**Work instructions**
Transcribe all of the data verbatim, please, and leave out its pictures.

**Collected material**
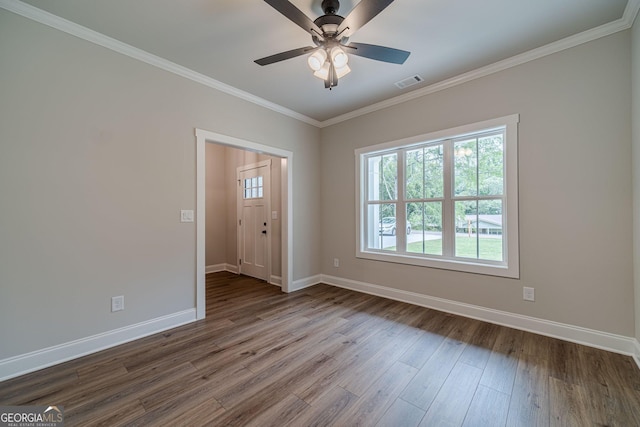 1482 Alcovy Station Rd, Covington, GA 30014 - spare room with baseboards, dark wood-style floors, ornamental molding, and ceiling fan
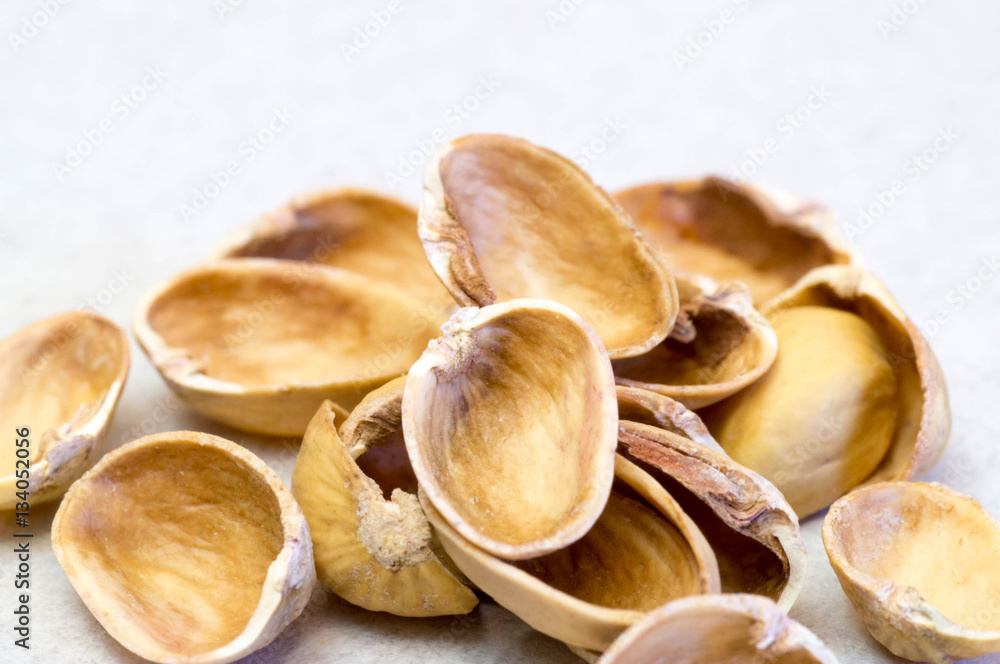 Empty pistachio nut shells on each other Empty pistachio nut shells on each other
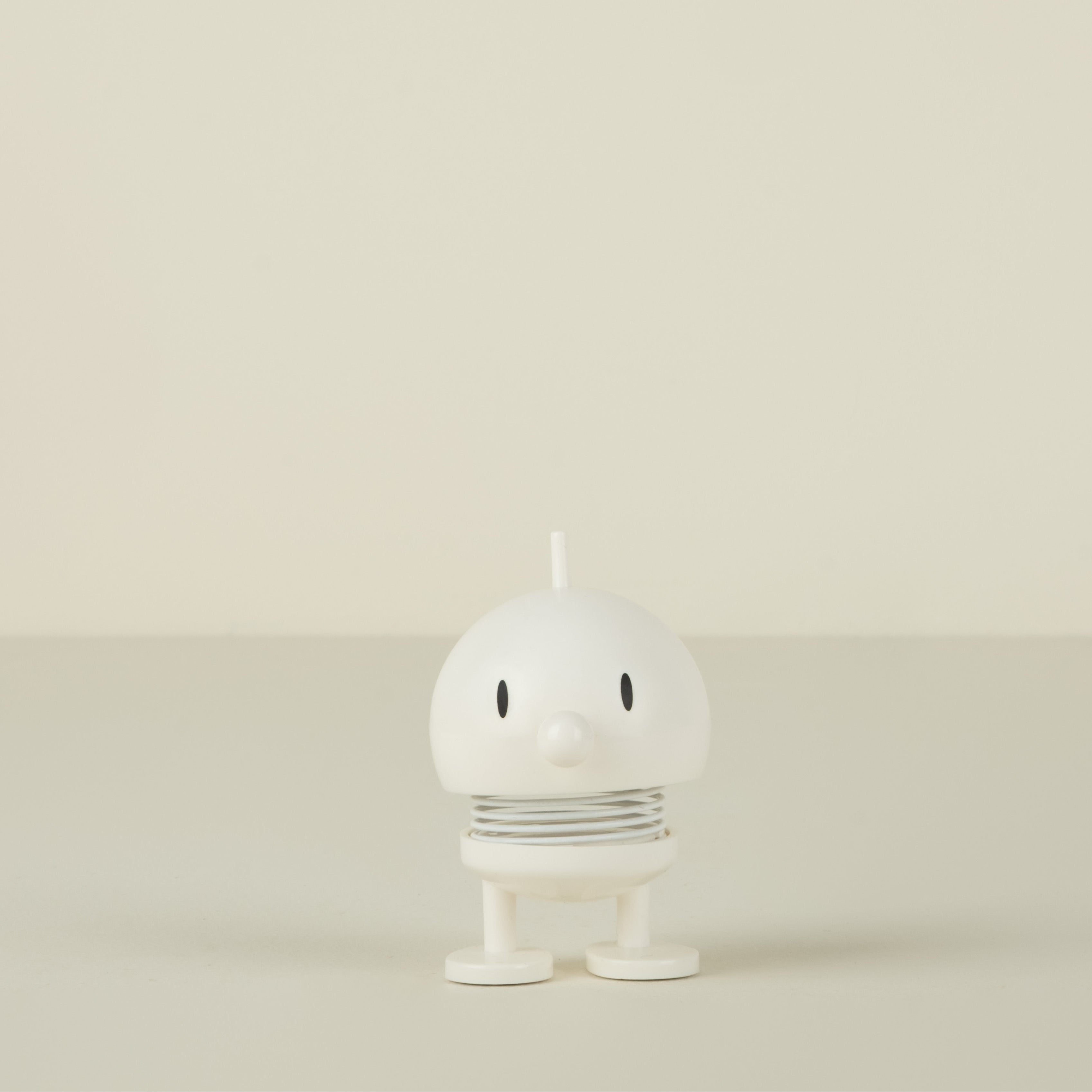 White  character on a beige background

**Answer for this exercise**
 1482 Alcovy Station Rd, Covington, GA 30014 - spare room with baseboards, dark wood-style floors, ornamental molding, and ceiling fan
 Empty pistachio nut shells on each other Empty pistachio nut shells on each other
 White  character on a beige background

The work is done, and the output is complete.